Someone on here posted the other day that someone they knew at Roblox said it was their secret store that became overloaded. Presumably a Hashicorp Vault type service (or something similar.) This update appears to support that claim.
That's definitely a problem you only get at scale.
Not far off. Having chatted with friends from the company, consul failed due to a issue with streaming which was introduced in 1.9 (https://www.hashicorp.com/blog/announcing-hashicorp-consul-1...) which caused it to have massively reduced tps in certain circumstances.
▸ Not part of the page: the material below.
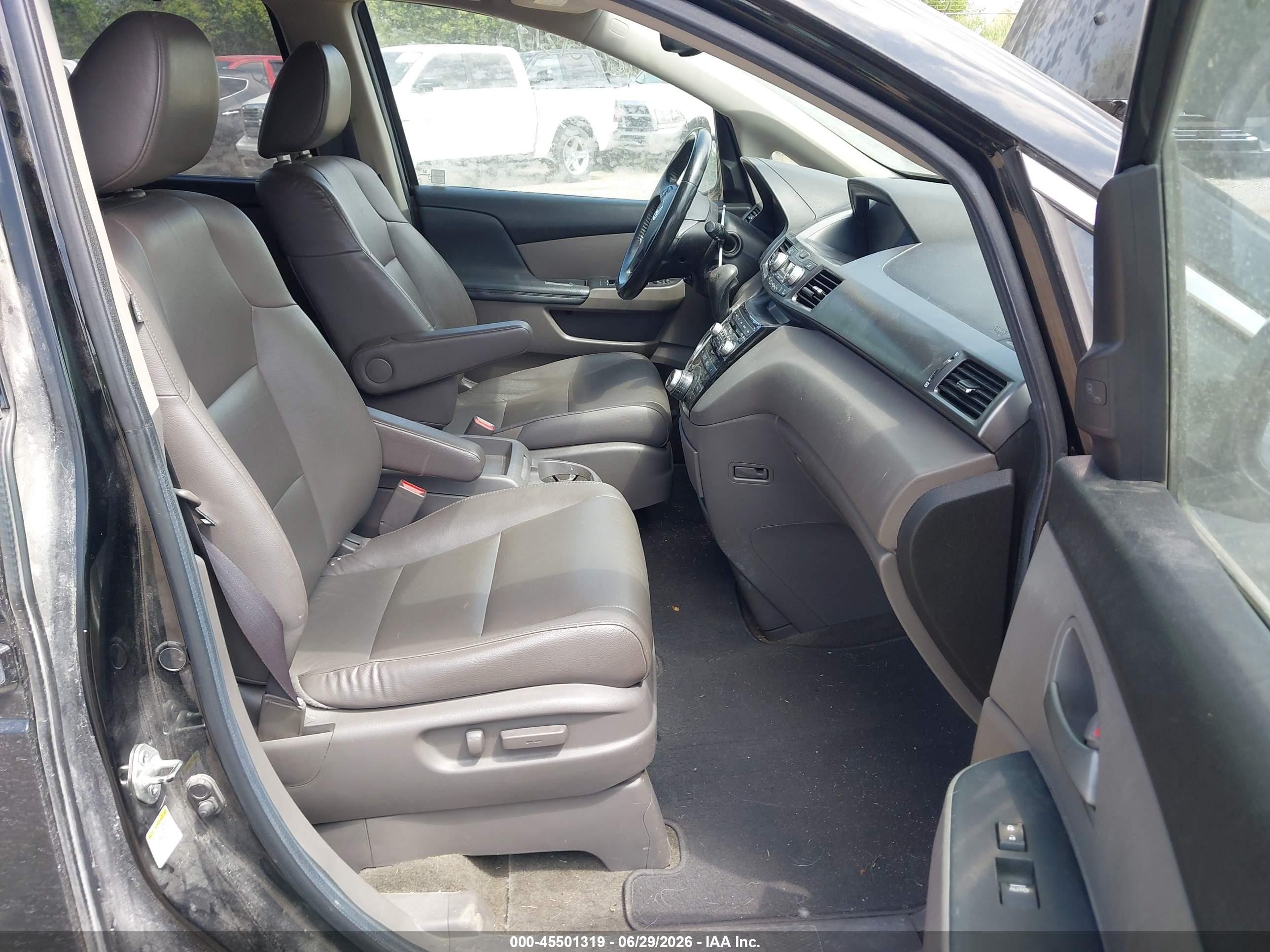 2013 Honda Odyssey Touring/touring Elite Black vin: 5FNRL5H98DB089922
No functional consul meant no vault, no consul/vault meant no nomad, no nomad meant no application servers.
Furthermore, the services were down for long enough that the asset caches went fully cold, so spinning back up to 100% capacity would put far more load than usual on the servers meaning recovery needed to be a very slow incremental rollout to warm them.
Messy situation all around, but if you want the real root cause pay attention to the consul change log over the next few weeks I’d say.
> We didn’t want to choose any technology that requires the company to drive deep expertise, almost to the point where you have to be a code contributor back into the project to get what you want. Nomad is just very easy to adopt.
Better be damn sure you have your 24/7 vendor support contracts in order if and when shit does hit the fan.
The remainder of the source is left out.